12.04 was released a few months ago but I just got around to upgrading my Toshiba U505 yesterday. I must say that I don't understand some of the negative comments about Unity that I have read. Unity feels intuitive and so far has just worked for everything I have tried. A minute of google'ing found directions for seting up desktop files in .local/share/applications/. For an example, here is my .local/share/applications/rubymine.desktop file:

[Desktop Entry]
Version=1.0
Type=Application
Terminal=false
Exec=/home/rubymine/bin/rubymine.sh
Name=RubyMine
Icon=/home/rubymine/bin/RMlogo.svg
Obviously change file names and paths as required for your apps and your system. Then anytime when I need to run RubyMine I tap the ALT key and the Unity search bar appears; I start typing the first few letters of RubyMine and when the icon pops up I just click it. I also set up IntelliJ this way for Clojure and Java development. I prefer this to creating task bar icons. Very similar to using Command-space on OS X.

The only disappointment (so far) is the lack of an officially supported Evernote client for Linux. I appreciate the work the developers put into the open source client NixNote, but it lacks polish. Still, I am glad to have it!

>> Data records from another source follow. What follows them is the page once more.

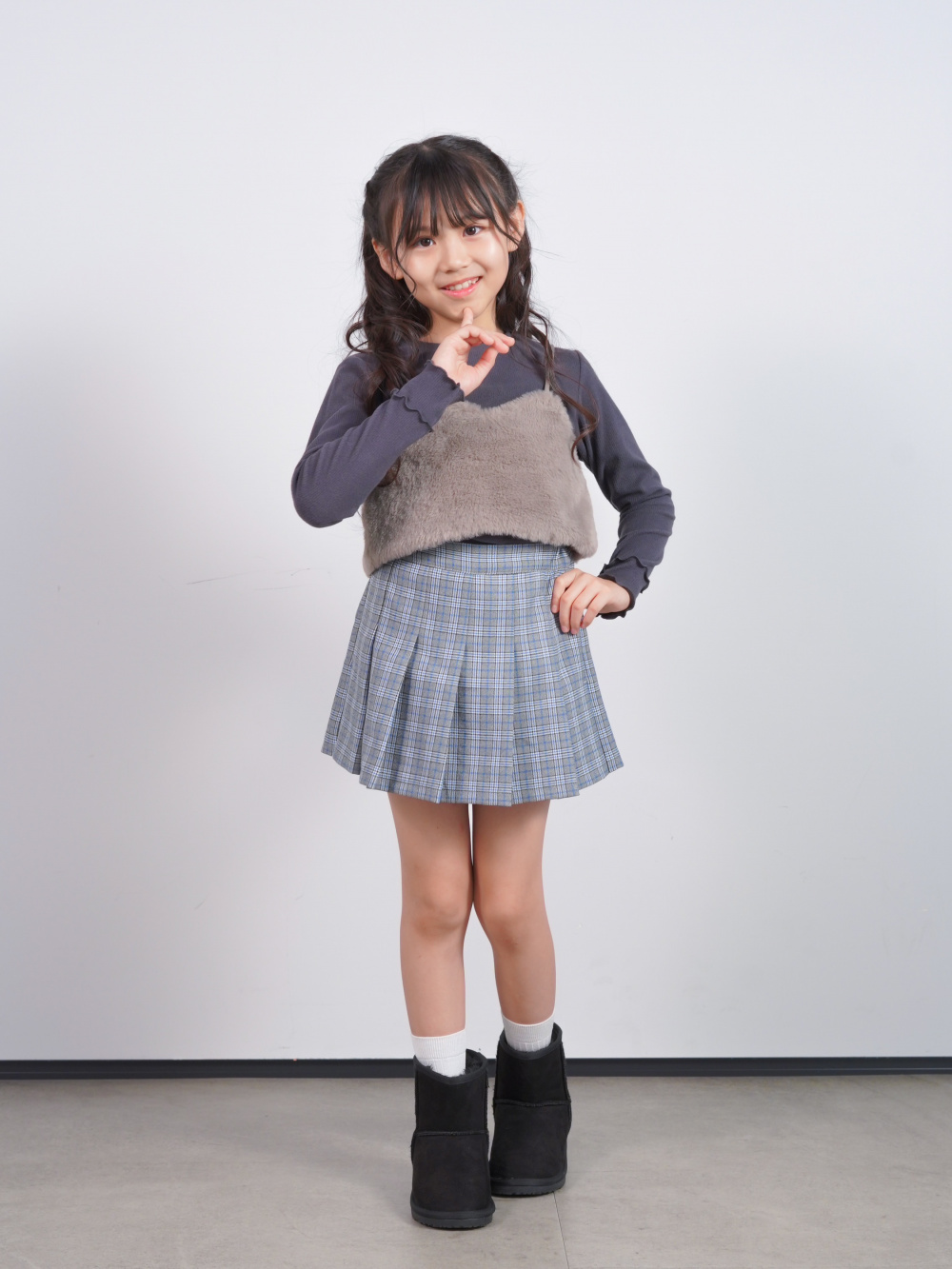 GIRLSカットアウトT(長袖)JR、GIRLSフェイクレザーミニスコート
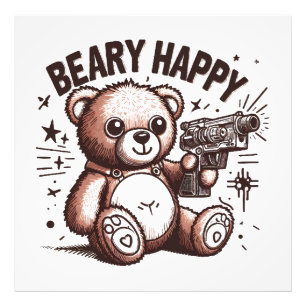 Teddy Bear Beary Happy Fotodruck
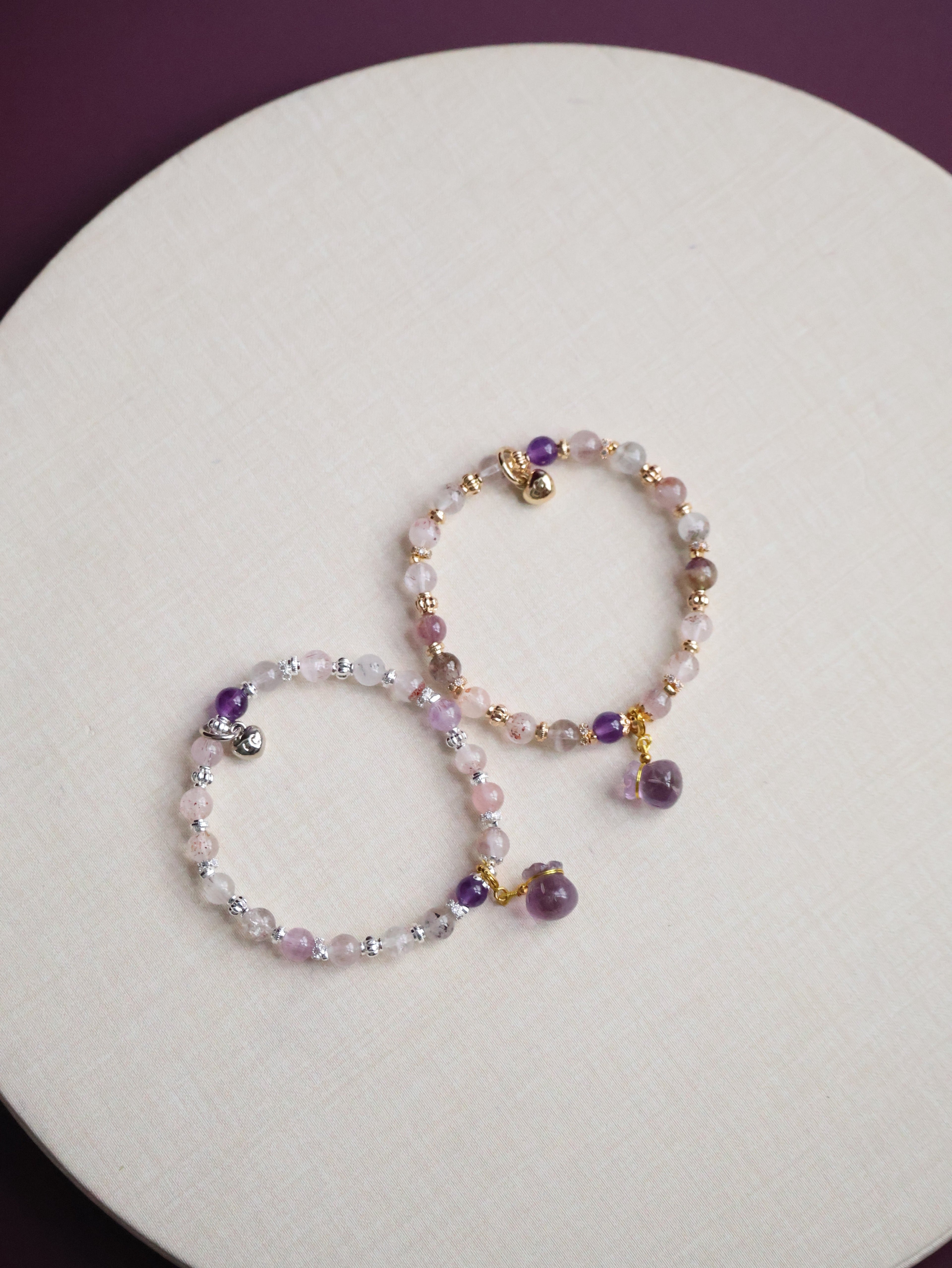 Super 7 & Amethyst with Money Bag ¡ª Mauve | 6mm (Elastic)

I was very pleasantly surprised at how well the Dropbox Linux client works. Once it synchronized my files the service uses little memory and CPU time and everything is well integrated with Unity.

I have been pretty much using OS X Mountain Lion (dev preview, now the gold master) for my work this year but despite the lack of general polish in Desktop Linux there are some real wins in using Linux, at least for my workflow because I can match my development environment on my laptop with my servers, and some small time sinks of dealing with OS X go away. Since my tools like IntelliJ (for Clojure and Java), RubyMine (Ruby), Emacs, Dropbox, and lots of git repositories all work the same, it is really pretty painless for me to enjoy using Linux for a few days, alternate back to OS X, and choose the dev environment based on what I am working on.

Comments

  1. I blanched at Unity when I first saw it, but I'm not much of a desktop man anyway. But I've run it for a while now, just so I can exercise the features I'm developing for, and I can say that it's pretty useful. BTW, just a nit, but it's 12.04.

    ReplyDelete
  2. Thanks Billy, I fixed the version number.